> **GIVEN DATA**
§ §
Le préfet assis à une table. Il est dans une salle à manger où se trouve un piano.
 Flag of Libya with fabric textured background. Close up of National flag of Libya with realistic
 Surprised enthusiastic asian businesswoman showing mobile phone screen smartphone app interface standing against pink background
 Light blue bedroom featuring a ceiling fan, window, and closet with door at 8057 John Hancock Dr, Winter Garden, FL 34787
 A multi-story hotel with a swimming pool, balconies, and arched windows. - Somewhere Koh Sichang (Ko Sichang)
§ §
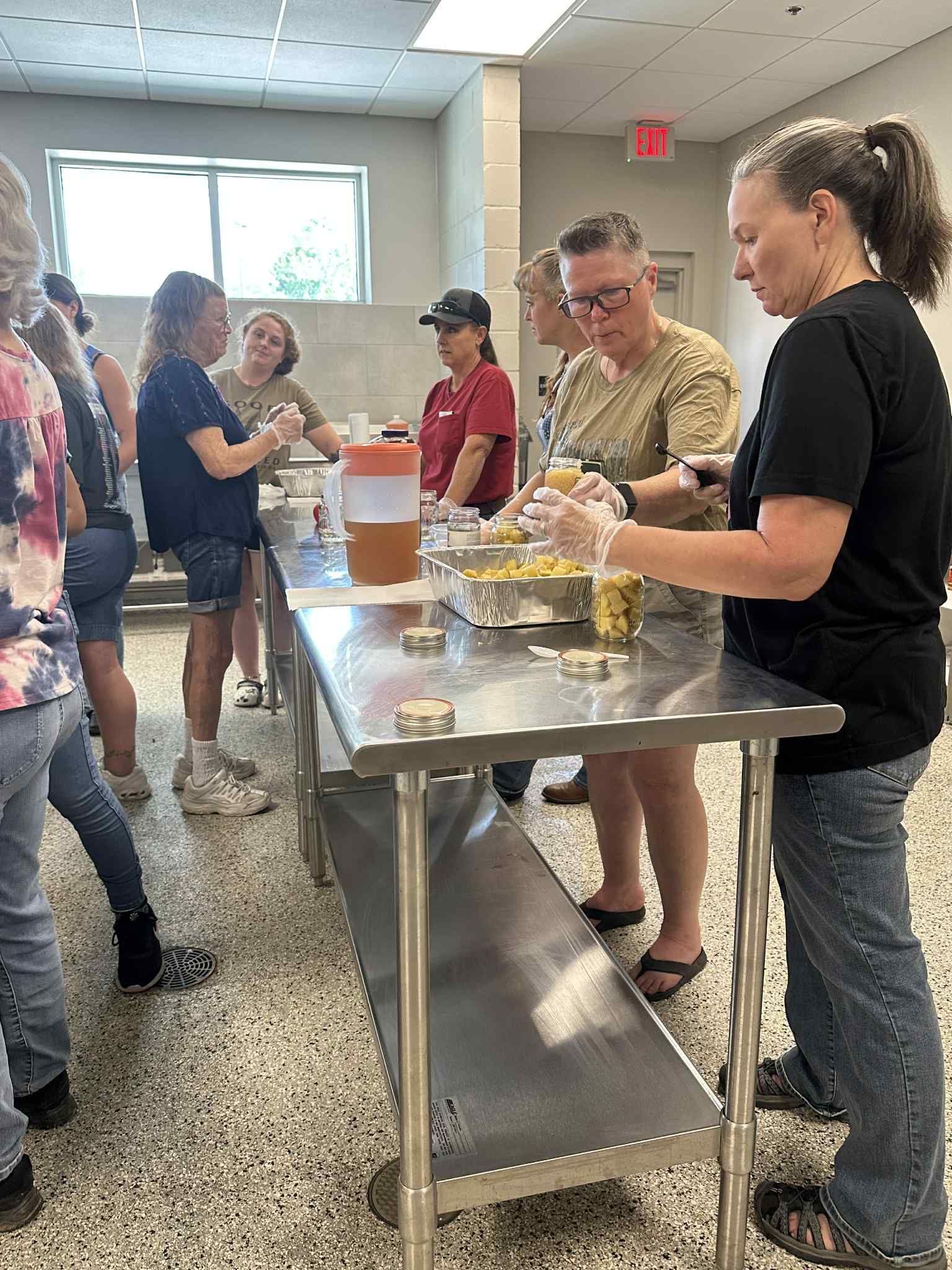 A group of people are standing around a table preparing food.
§ §
> **WORK INSTRUCTIONS**
Read each line of the material, and wherever the word "background" turns up, copy that line.

> **THE ANSWER**
 Flag of Libya with fabric textured background. Close up of National flag of Libya with realistic
 Surprised enthusiastic asian businesswoman showing mobile phone screen smartphone app interface standing against pink background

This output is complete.